Those courts that would equate the determination of a class under Rule 7023 with the determination of whether to apply Rule 7023 do not recognize the concerns peculiar to bankruptcy law — which are the appropriate bases for exercise of discretion under Rule 9014. These concerns properly include, to a greater or lesser degree, prejudice to the debtor or its other creditors, prejudice to putative class members, efficient estate administration, the conduct in the bankruptcy case of the putative class representatives, and the status of proceedings in other courts.

In re Craft, 321 B.R. 189, 198-199 (Bankr.N.D.Tex. 2005).

The court will keep these factors in mind as a basis for its analysis of whether to apply Rule 7023 to the instant case.

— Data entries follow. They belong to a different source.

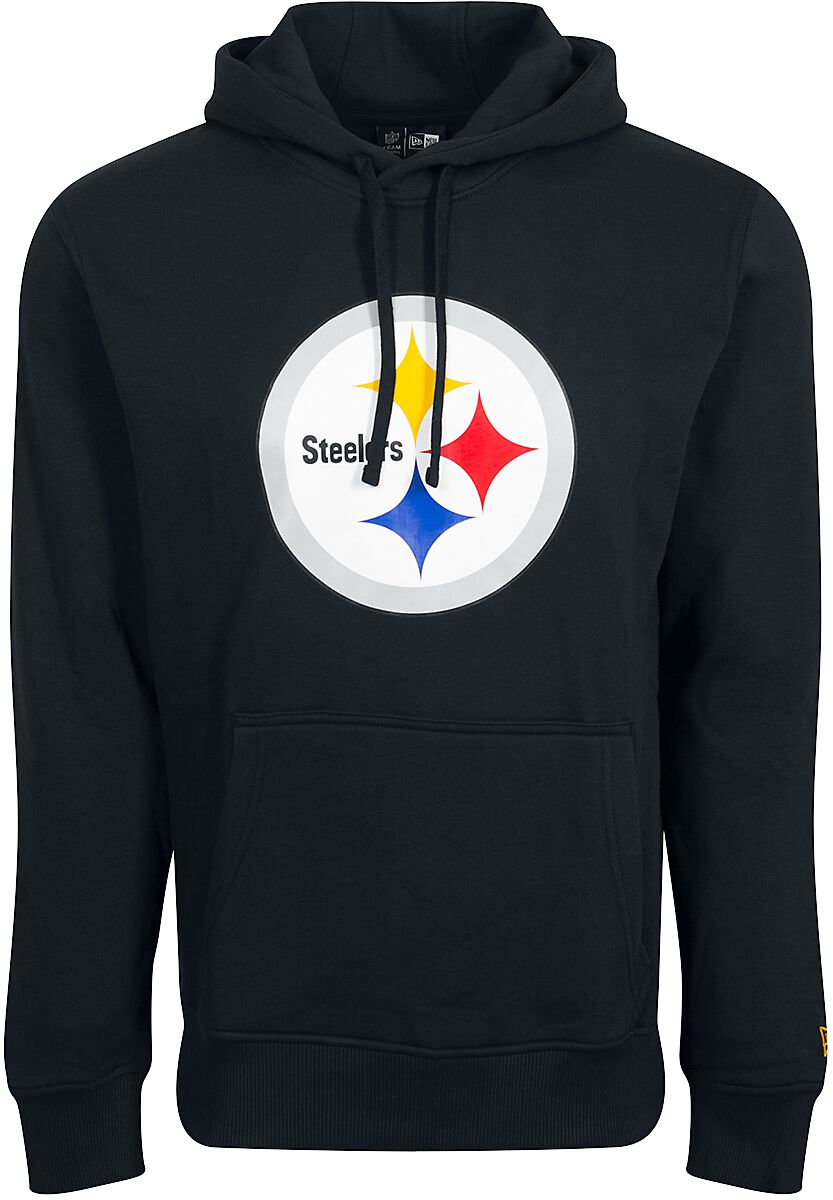 New Era - NFL Kapuzenpullover - Pittsburgh Steelers - S bis XL - für Männer - Größe S - schwarz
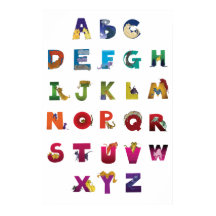 Poster Grotke Alphabet Cats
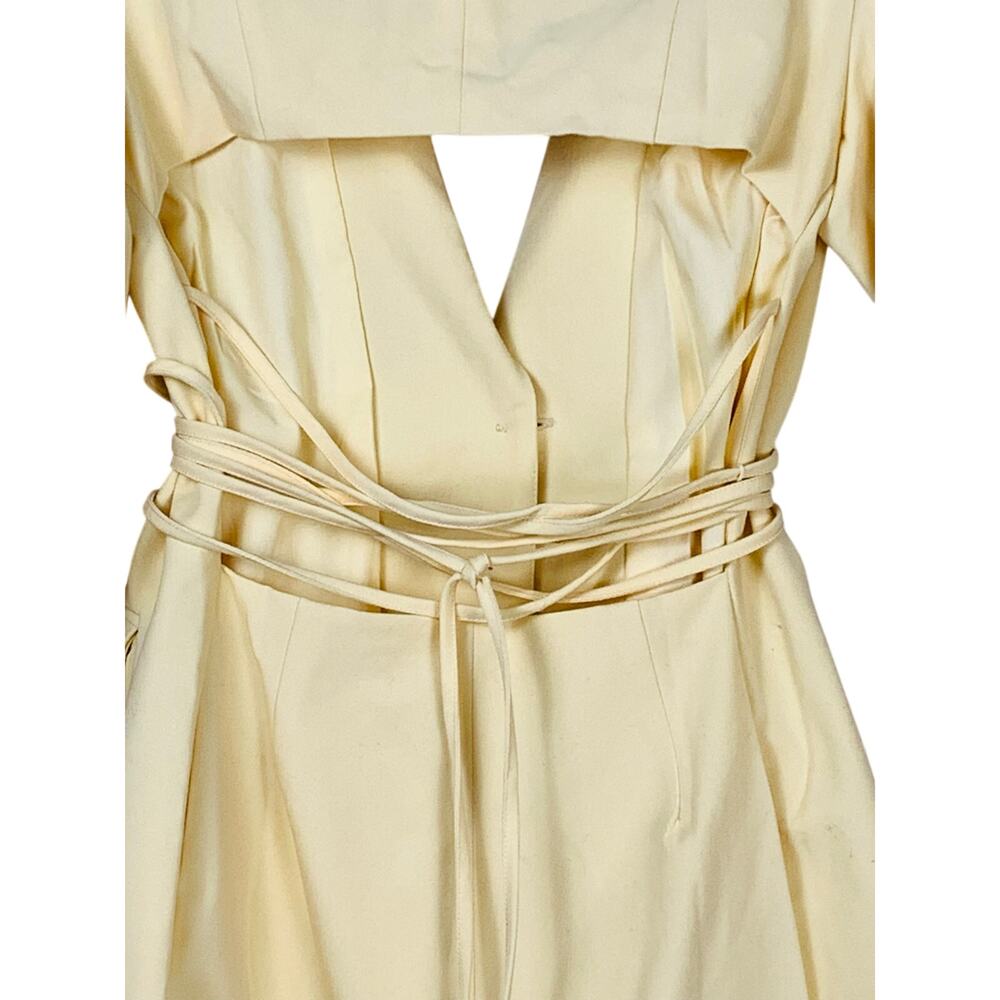 WeWoreWhat  Butter Yellow Cut Out Blazer S Trendy Statement - Picture 6 of 11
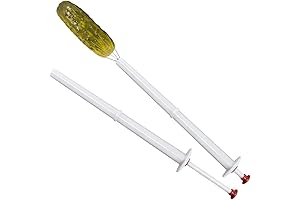 2 Pack Stainless Steel and Plastic Deluxe Pickle Pincher 8 Inch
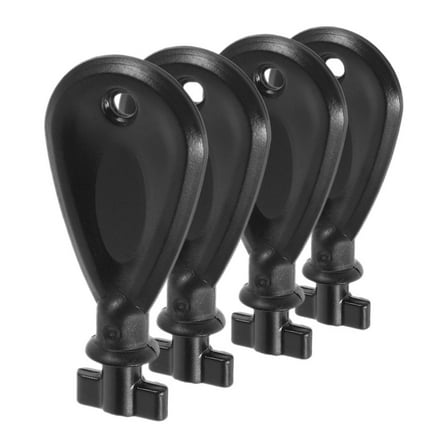 MLINS  4 Pcs Hand Towel Dispenser Key Bathroom Building Materials Black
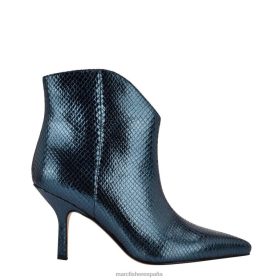 Marc Fisher España | Marc Fisher botín con puntera puntiaguda haylian X620493 mujer cuero estampado serpiente azul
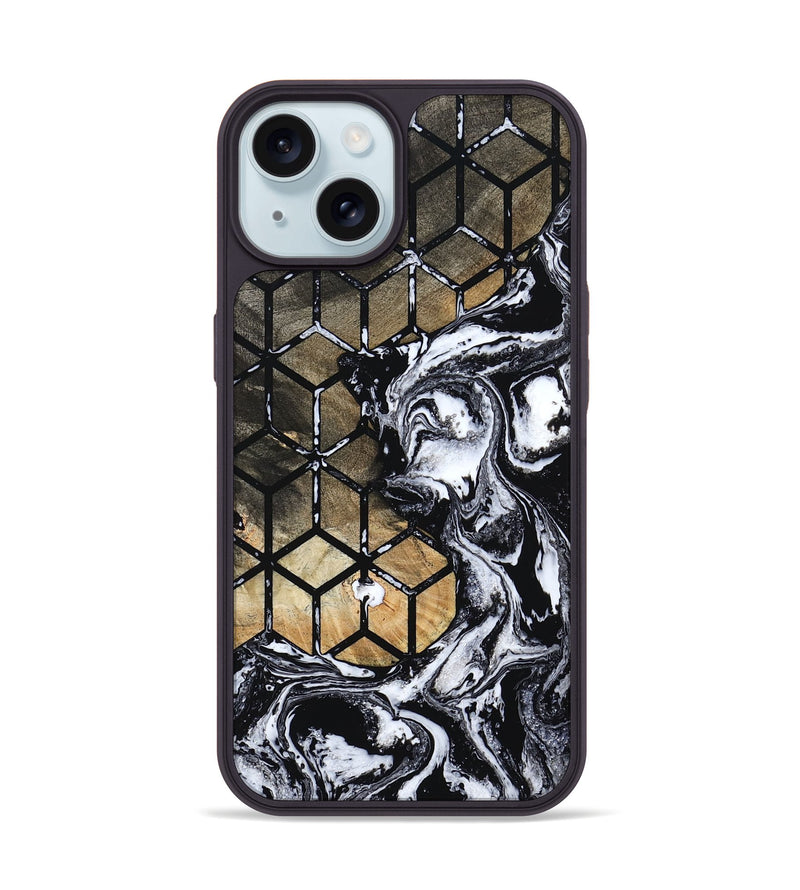 iPhone 15 Wood Phone Case - Fredric (Pattern, 799849)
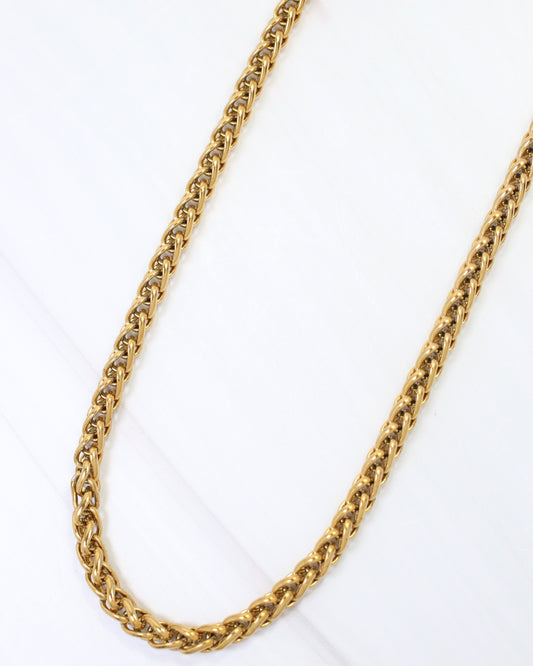 Lake Placid Link Chain Necklace WP Gold
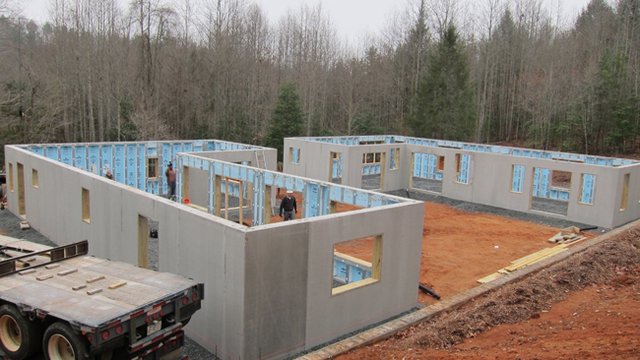 Precast concrete walls provide efficiency, durability to N.C. home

1. Regulatory Considerations

One of the largest hurdles that the Gordon and Lowenburg plaintiffs must overcome is the regulatory framework by which the debtor is governed, and the process by which complaints involving the rates charged by the debtor to its customer are to be adjudicated. The debtor is regulated by the City Council for the City of New Orleans pursuant to Article IV, Section 21(c) of the Constitution of the State of Louisiana and the Home Rule Charter of the City of New Orleans. Under the Louisiana Constitution, the Louisiana Public Service Commission ("LPSC") regulates most of the public utilities in the state of Louisiana, but some utilities that were municipally regulated as of the effective date of the Constitution continue to be regulated by those municipalities. New Orleans is one of those municipalities. Nonetheless, with respect to their duties as regulators of public utilities, the City Council and the LPSC perform approximately the same function; thus, the court finds that for purposes of the court's jurisdictional analysis, the cases decided by Louisiana state courts with respect to the jurisdictional powers of the LPSC can also be applied to the jurisdiction of the City Council. The court also notes that the City Council has made an appearance in this proceeding and objects to class certification by this court of the Gordon and Lowenburg plaintiffs, in part on the grounds that it has at least primary if not exclusive jurisdiction to determine the rights of ratepayers with respect to rate matters concerning regulated utilities in the City of New Orleans.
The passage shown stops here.